EXERCISE GOAL - Look below for the line containing "map of restaurants, bars, coffee", then write out that line and every line after it to the end, exactly, minus the pictures.

• • •

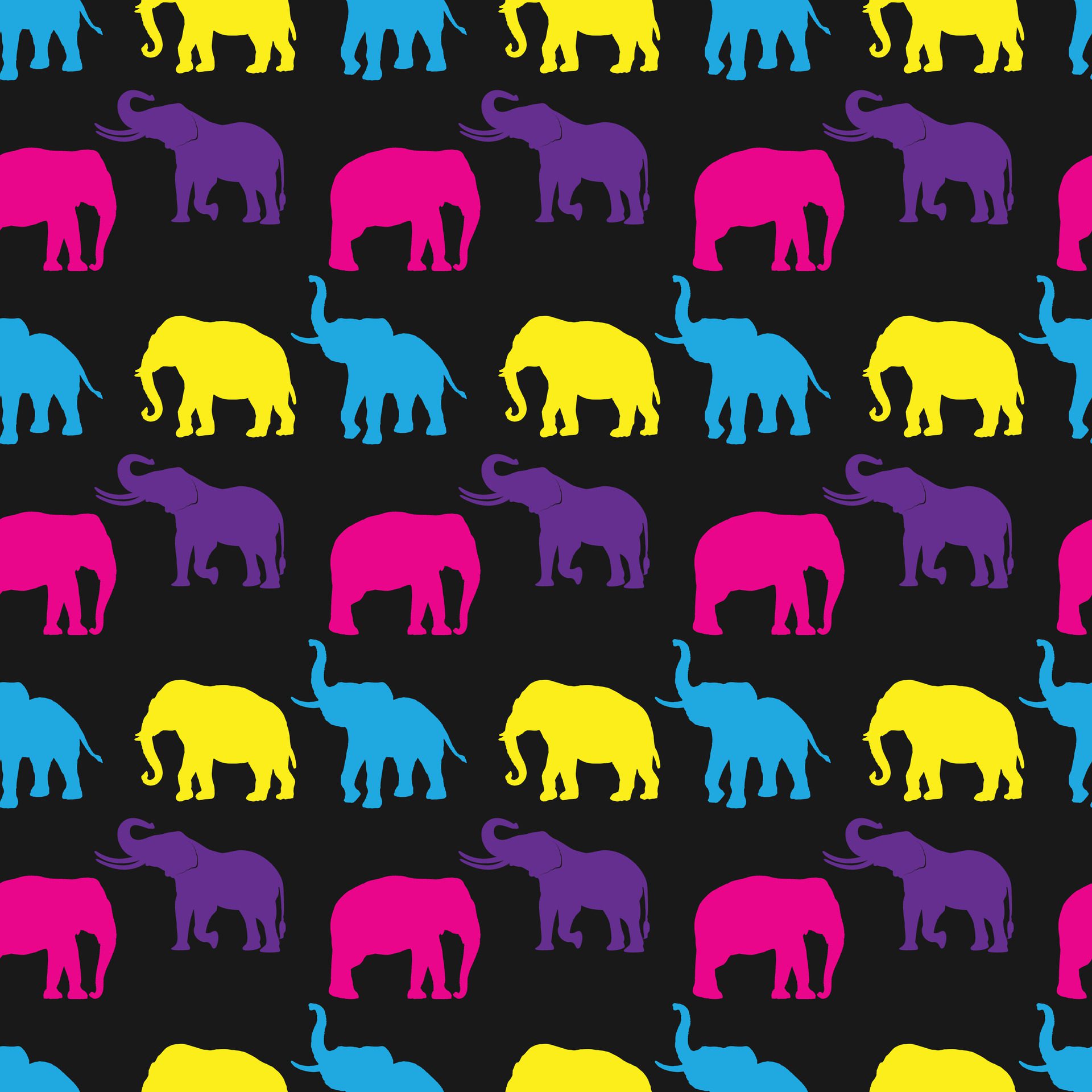 Pop Art Elephants Seamless Pattern Design Free Vector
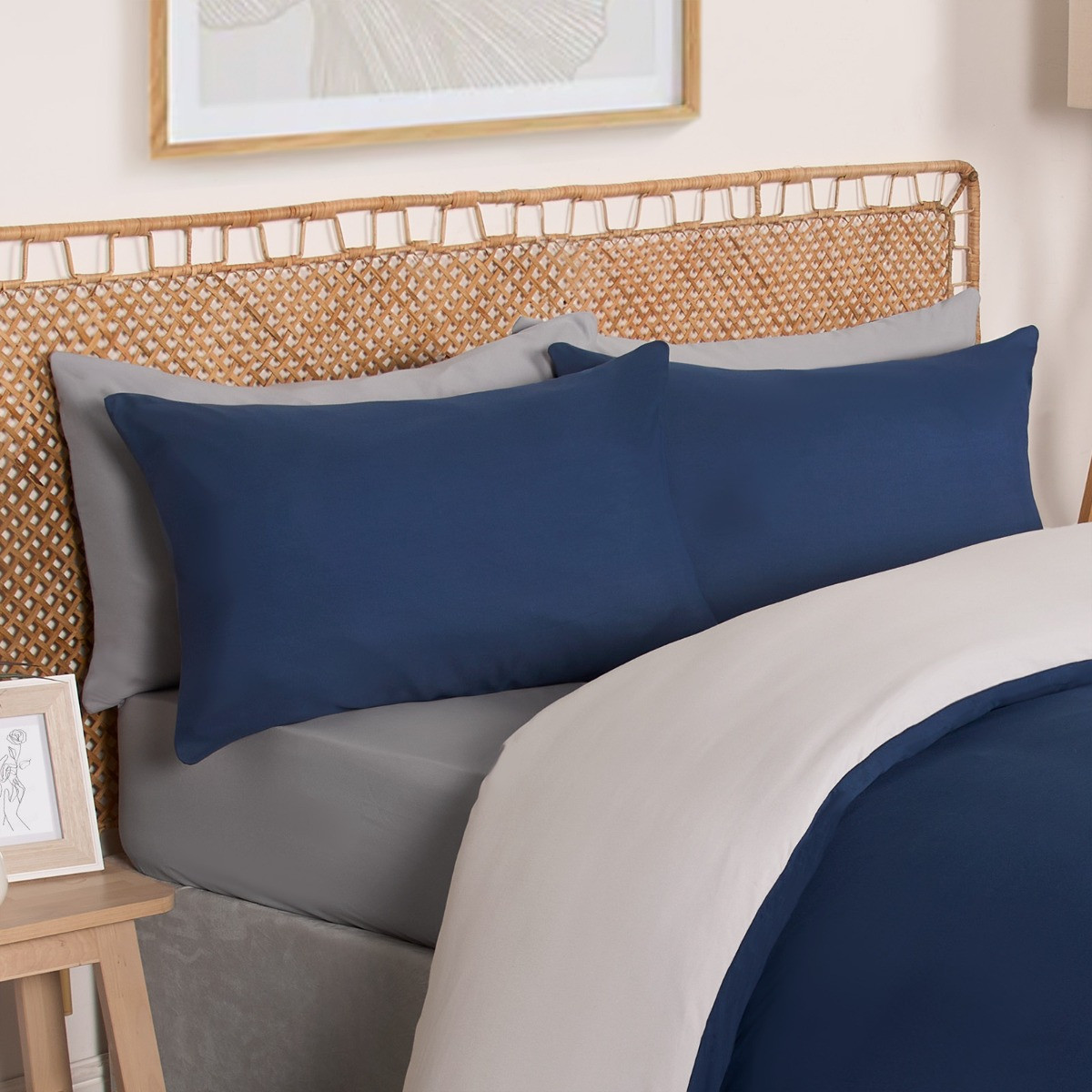 OHS Reversible Duvet Cover Set, Navy/Grey - Superking>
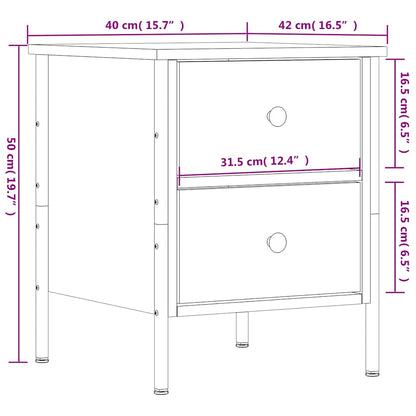 Bedside Cabinets 2 pcs Brown Oak 40x42x50 cm Engineered Wood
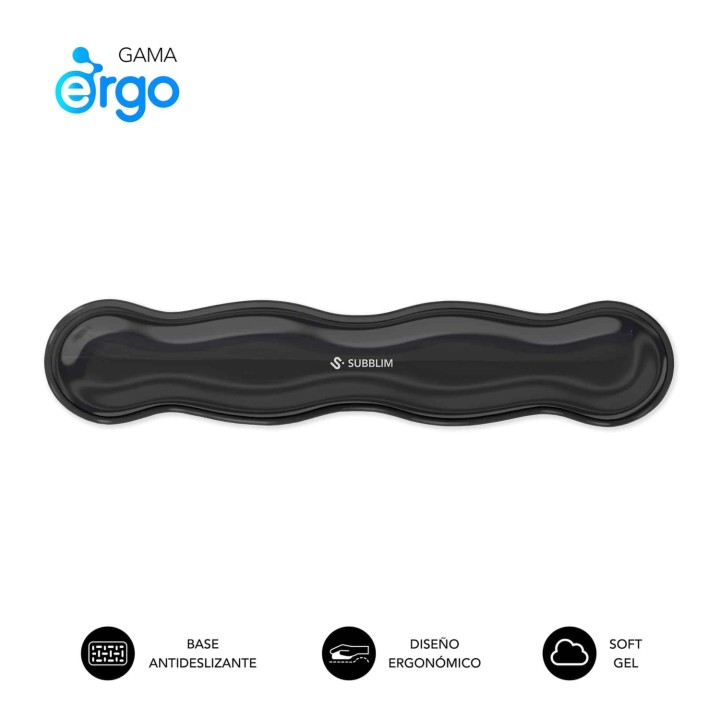 SUBBLIM Ergo Crystal Flex descansa muñecas Gel Negro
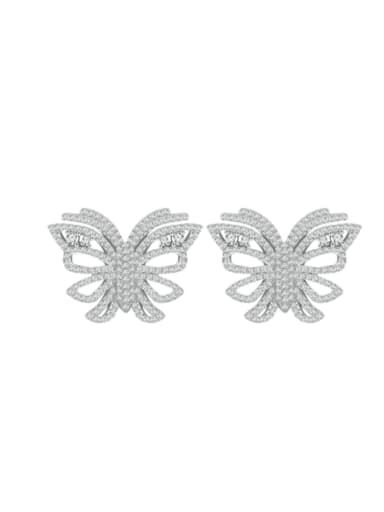 925 Sterling Silver Cubic Zirconia Butterfly Statement Cluster Earring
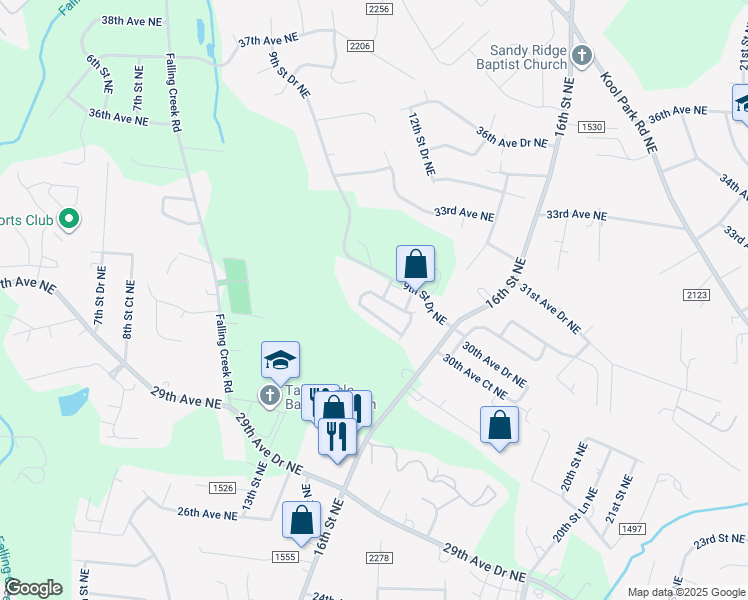 map of restaurants, bars, coffee shops, grocery stores, and more near 3131 9th Street Drive Northeast in Hickory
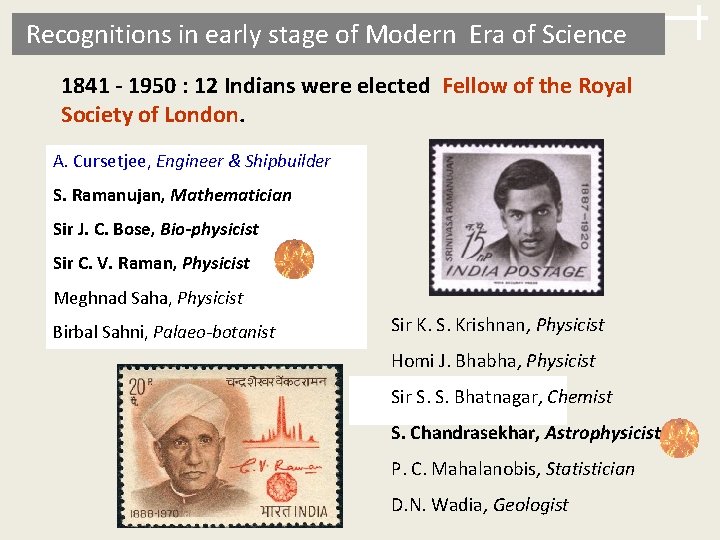 Recognitions in early stage of Modern Era of Science 1841 - 1950 : 12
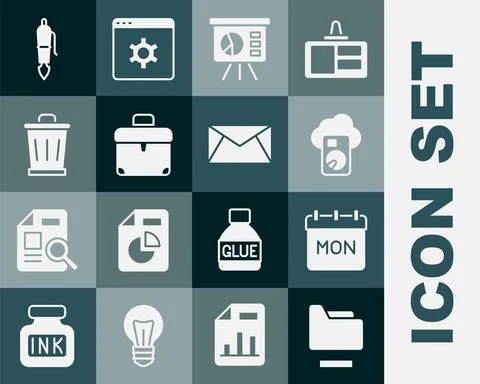 Set Document folder, Calendar, Cloud database, Board with graph, Briefcase イラスト素材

• • •

YOUR RESPONSE -
 map of restaurants, bars, coffee shops, grocery stores, and more near 3131 9th Street Drive Northeast in Hickory
 Recognitions in early stage of Modern Era of Science 1841 - 1950 : 12
 Set Document folder, Calendar, Cloud database, Board with graph, Briefcase イラスト素材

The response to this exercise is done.